◆ Data for analysis:
------------------------------------------------------------
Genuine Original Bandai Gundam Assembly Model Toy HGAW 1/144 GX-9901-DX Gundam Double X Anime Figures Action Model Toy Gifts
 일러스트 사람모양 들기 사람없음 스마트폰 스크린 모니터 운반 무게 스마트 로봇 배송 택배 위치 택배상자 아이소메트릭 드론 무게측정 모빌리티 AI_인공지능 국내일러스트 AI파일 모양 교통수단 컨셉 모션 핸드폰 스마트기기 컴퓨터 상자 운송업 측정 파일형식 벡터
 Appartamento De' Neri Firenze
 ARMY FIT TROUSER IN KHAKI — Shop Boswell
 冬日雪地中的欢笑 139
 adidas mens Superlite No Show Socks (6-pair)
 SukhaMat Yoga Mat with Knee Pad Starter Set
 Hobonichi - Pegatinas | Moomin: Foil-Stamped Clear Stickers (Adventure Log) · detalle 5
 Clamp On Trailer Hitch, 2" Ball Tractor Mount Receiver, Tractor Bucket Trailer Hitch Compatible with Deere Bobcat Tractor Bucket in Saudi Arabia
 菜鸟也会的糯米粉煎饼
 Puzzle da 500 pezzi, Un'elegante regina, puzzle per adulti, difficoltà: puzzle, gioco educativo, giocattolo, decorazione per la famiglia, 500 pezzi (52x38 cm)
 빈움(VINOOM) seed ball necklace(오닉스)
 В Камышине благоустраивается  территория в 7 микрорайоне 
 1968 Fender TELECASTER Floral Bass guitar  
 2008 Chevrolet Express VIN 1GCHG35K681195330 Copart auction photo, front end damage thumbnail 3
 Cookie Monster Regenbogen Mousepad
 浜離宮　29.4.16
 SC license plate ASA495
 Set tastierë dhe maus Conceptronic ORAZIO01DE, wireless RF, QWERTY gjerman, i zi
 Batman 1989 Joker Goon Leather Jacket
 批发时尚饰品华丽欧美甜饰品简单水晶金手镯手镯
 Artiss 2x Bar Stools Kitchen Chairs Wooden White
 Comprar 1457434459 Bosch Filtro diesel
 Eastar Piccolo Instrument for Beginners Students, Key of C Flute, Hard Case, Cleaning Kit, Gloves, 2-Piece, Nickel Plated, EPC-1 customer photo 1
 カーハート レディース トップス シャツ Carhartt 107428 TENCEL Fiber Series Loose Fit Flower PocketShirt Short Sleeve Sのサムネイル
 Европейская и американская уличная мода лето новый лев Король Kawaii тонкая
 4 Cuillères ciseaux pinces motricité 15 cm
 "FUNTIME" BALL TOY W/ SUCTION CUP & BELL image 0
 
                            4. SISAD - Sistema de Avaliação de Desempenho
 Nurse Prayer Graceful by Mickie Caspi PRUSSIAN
------------------------------------------------------------
◆ What the task asks: Look through the material above and print exactly the lines from the one containing "批发时尚饰品华丽欧美甜饰品简单水晶金手镯手镯" to the one containing "Comprar 1457434459 Bosch Filtro diesel", both included, and nothing more.

◆ Reply to the task:
 批发时尚饰品华丽欧美甜饰品简单水晶金手镯手镯
 Artiss 2x Bar Stools Kitchen Chairs Wooden White
 Comprar 1457434459 Bosch Filtro diesel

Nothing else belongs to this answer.